I'm in the same boat. I know Huffman coding is simple, and I used to be able to do it, but this article was nowhere near the refresher I had hoped it would be. 192.203.137.242 (talk) 19:25, 7 December 2012 (UTC)
If you can spell out the problems with the material, someone more well-versed in the subject may be able to make improvements to the article.
Sebastian Garth (talk) 19:44, 8 December 2012 (UTC)

## basic example image is wrong?

hi! i think the example in the basic example, the one in the captation of the image is wrong. it shoud be

 a3 110 a4 111

and not:

 a3 111 a4 110

both the image is wrong and the table. i think one can't mix the way the 0/1 is set. PedroCarvalho (talk) 06:23, 28 November 2007 (UTC)

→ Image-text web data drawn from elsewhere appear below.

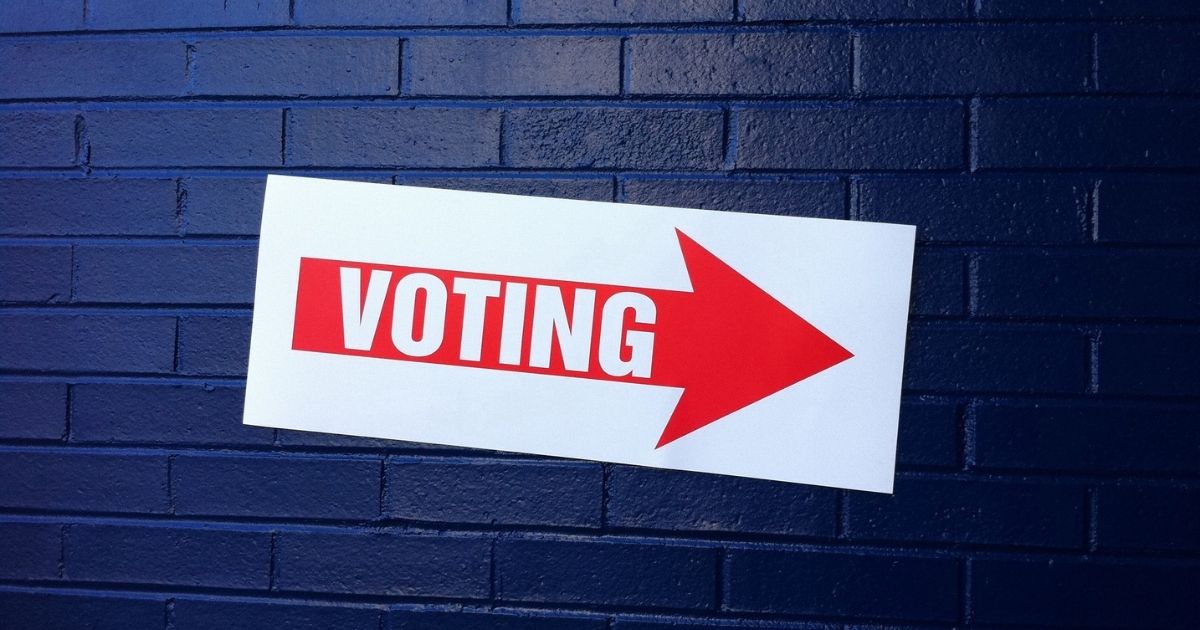 Voting directional sign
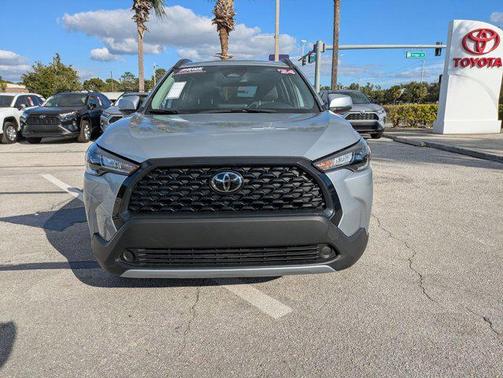 2024 Toyota Corolla Cross LE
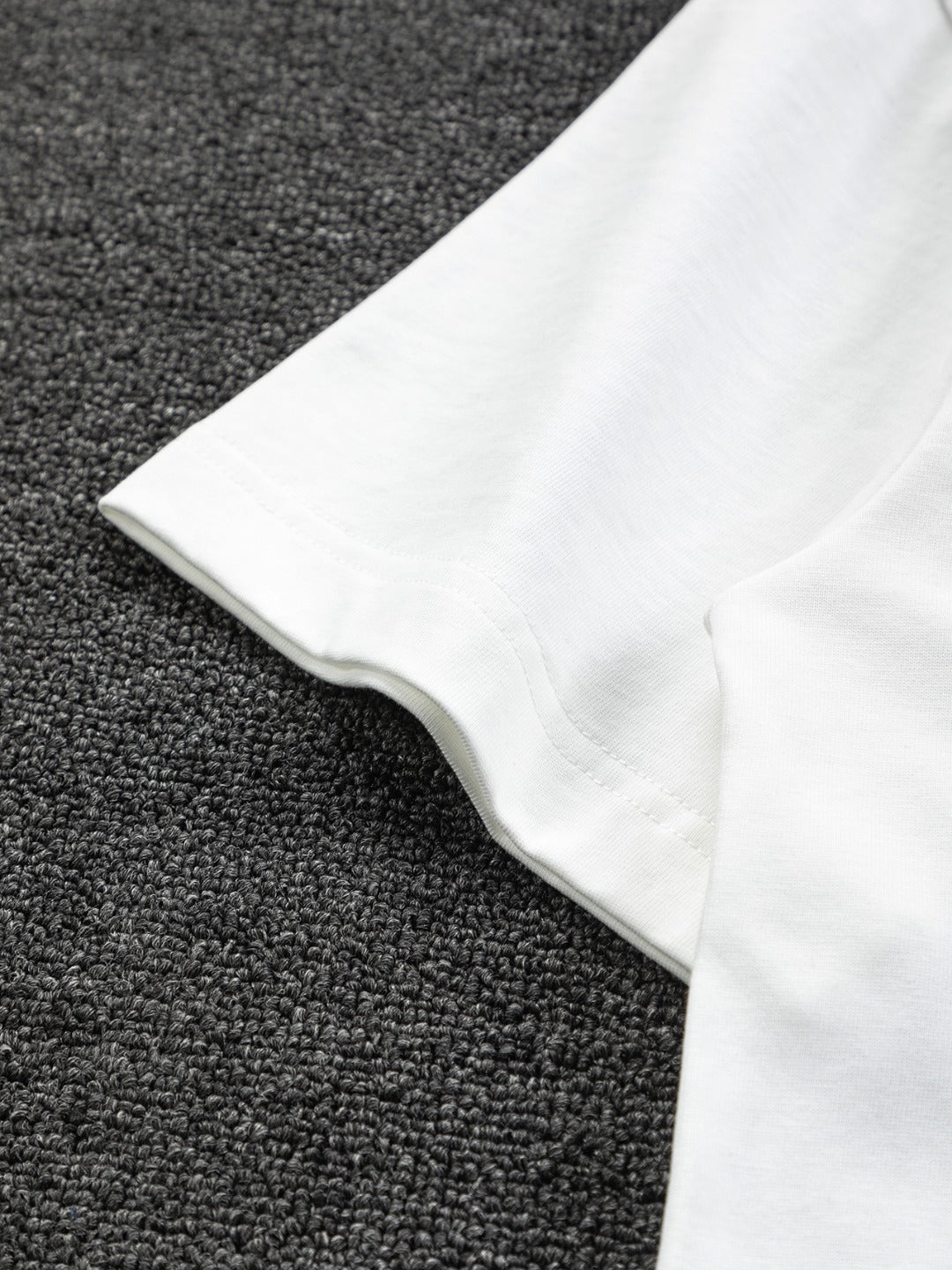 MINIMALIST STREET STYLE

well, you can mix the way 0/1 is set, the output code will be good anyway, you just have to remember it when you decode it! anyway, you'd better not to change the way 0/1 is set, so I have fixed both image and caption. Alessio Damato 13:59, 4 December 2007 (UTC)
it still mixes the way 0/1 is set. In the first split it gives 0 to the least common (a1: 0.4), and 1 to the most common ({a2,a3,a4}: 0.6), but in the two other splits is gives 0 to the most common and 1 to the least common. -Thomas Nygreen (talk) 09:59, 9 May 2008 (UTC)
Huffman code generators can select 0/1 in any manner they choose (including randomly) and still generate a valid Huffman code. Nevertheless the diagram ought to be consistent with the pseudocode. Dcoetzee 16:30, 9 May 2008 (UTC)
Exactly like it says in the text below it, the hoffman coding should be done from left to right, taking the lower probability each time. This is NOT what the picture shows, so it is clearly wrong. Yomach (talk) 06:27, 26 June 2010 (UTC)
Isn't the frequency for the 'f' character also wrong? Should be 2 not 3? Moulsonp (talk) 10:54, 11 May 2012 (UTC)

## older

The algorithm in "Basic technique" is ambiguous. It's not clear how the two queues are used. It seems that the second queue is never read from, only added to.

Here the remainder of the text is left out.